If the Zoggians hadn’t invented integers (even for procreation and counting sheep, both of which could be communal activities not needing counting) they would have had to have invented them to understand chemistry.
Fie, you chemo-supremacist. The Zoggians are plasma beings. Hail Zog!
From a purely logical point of view, the axiom of choice has the same status in Zermeko-Frankael set theory as Euclid’s parallel postulate has in geometry. Euclidean geometry with the parallel postulate is logically consistent if and only is Euclidean geometry with the negation of the parallel postulate is logically consistent. In the same way, set theory with AOC is consistent if and only if set theory with the negation of AOC is consistent.

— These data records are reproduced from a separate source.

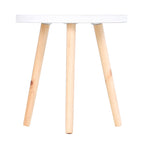 Round Coffee Table with Raised Edge, Wooden, Φ40x40.5cm - White and Gold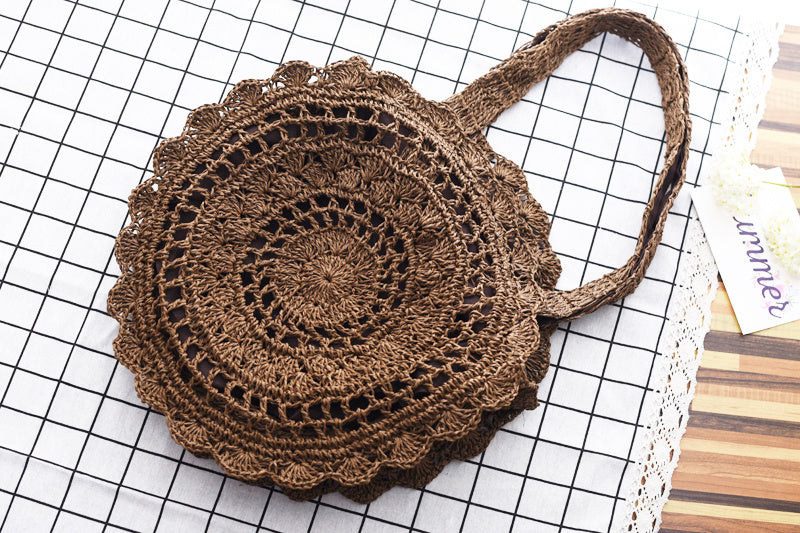 Round straw flower bag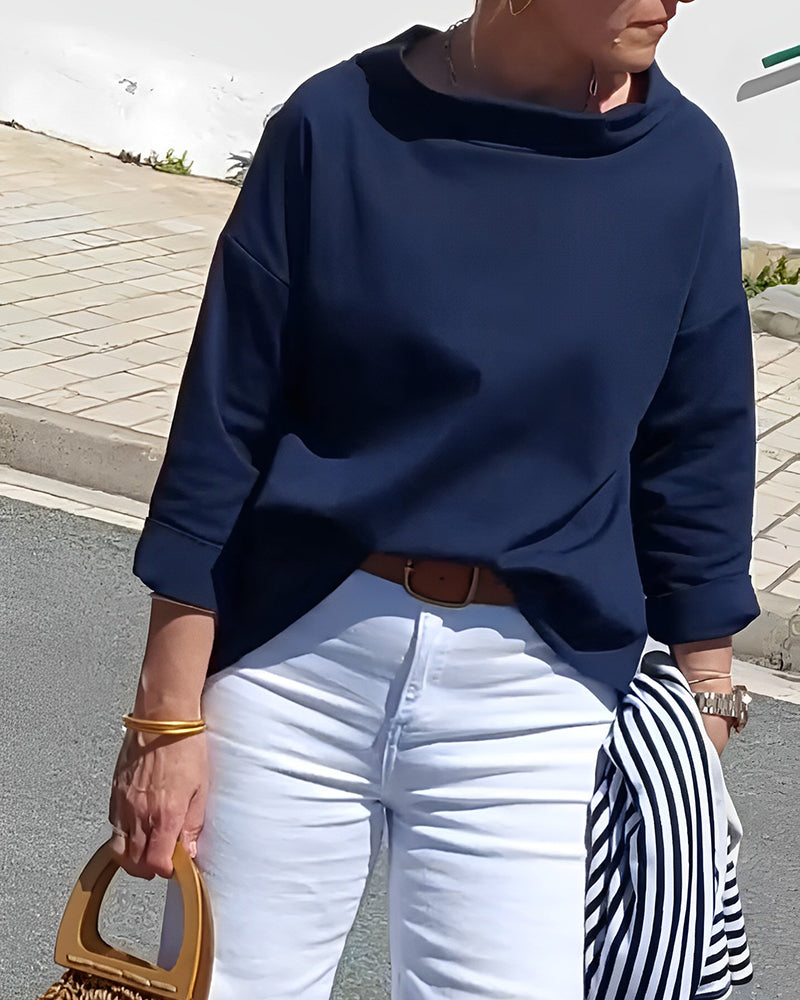 Elegant Boat Neck Shirt for Women - Versatile 3/4 Sleeve Top
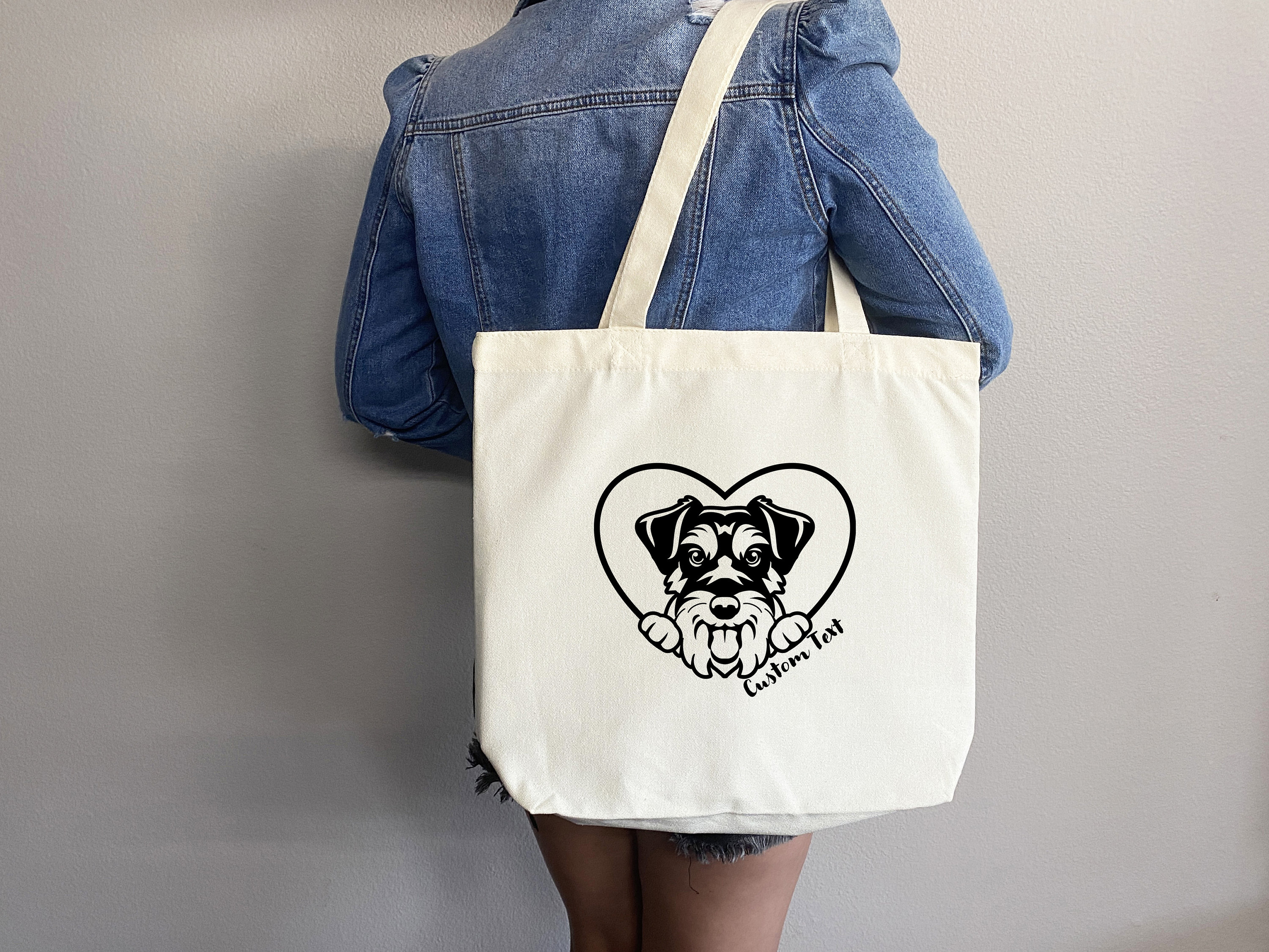 Puppy Bag, Puppy Tote Bag, Mini Schnauzer Bag, Cute Tote Bag, Dog Bag, Dog Mom Tote Bag, Custom Pet Bag, Dog Lover Gift, Gift for Dog Mom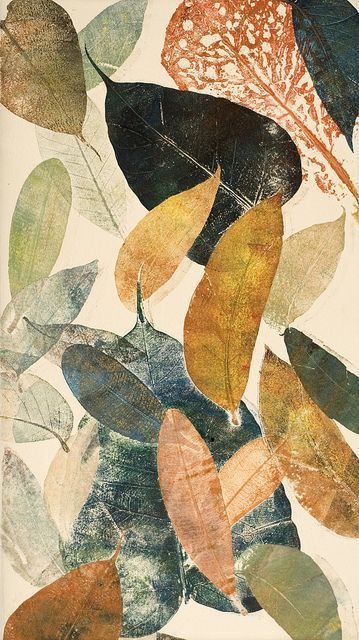 indigoblueandlimetrees: “ Autumn leaf II by Mariann Johansen Ellis ” Art Et Illustration, Autumn Leaf, Leaf Nature, Art And Illustration, Monoprint, Leaf Art, Art Plastique, Linocut, 3d Art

But psychologically, at this point in history, mathematicians feel differently about the two situations. Nobody frets anymore (not for over a century) about the parallel postulate. We just say that Euclidean geometry with the PP describes the points and lines of a flat plane while nonlinear geometry (without the PP) describes the points and geodesics on a surface of constant curvature.
But the status of the axiom of choice feels different, at least to me, in a philosophical way though not in a purely logical way. I can’t help feeling that there is some kind of “right” concept of sets to which our axiomatic theory can more accurately or less accurately describe. Perhaps I am thinking of the “perfect” class of sets that lives in eternal perfection in Plato’s realm of forms.
There is a long list of propositions that are logically equivalent to the axiom of choice (well ordering theorem, Zorn’s lemma, Hausdorff maximal principle, the high chain principle, the trichotomy principle and many others).
To me, it is the trichotomy principle that seems most obvious “true”. For sets X and Y we define X < or = Y if there exists an injective map X to Y. The Schroeder-Bernstein theorem gives the reassuring result that if X < or = Y and Y < or = X then X is isomorphic to Y. The trichotomy principle states that any two sets X and Y are comparable (meaning that X < or = Y or Y < or = X or both). The axiom of choice is equivalent to the trichotomy principle.
Intuitively I feel that the most natural conception of sets would require any two sets to be comparable. The trichotomy principle intuitively seems to me to be more clearly “true” for the sensible conception of sets than the axiom of choice itself or any other of the dozens of equivalent propositions.
● “The axiom of choice is clearly false and Zorn’s lemma is clearly true”
(a comment on intuitions, commonly attributed to the logician Leon Henkin)
● The axiom of choice, well-ordering, trichotomy etc. are intuitive and readily proven for the smallest infinite sets. But bigger ones are unimaginably huge, and IMO more counterintuitive than quantum mechanics. What you think you see is often not what you get. There are pragmatic arguments in favour of accepting the AoC based on its usefulness, power, etc.; but that’s not the same thing as truth (sort of like the arguments that religion is comforting).
The version I heard was “The axiom of choice is clearly true, the well ordering theorem clearly false, and as for Zorn’s lemma, who can say?” To me anyways, trichotomy seems most obviously “true”. I also find Hausdorff maximal principle more intuitively true than AOC.
But what do we mean by “mathematical truth”? From the purely logical point of view, set theorys with or without AOC are equally good. My preference for AOC true rather than false is not a logical matter. It is a matter of which axiom system more aptly characterizes one’s intuitive ideas about sets.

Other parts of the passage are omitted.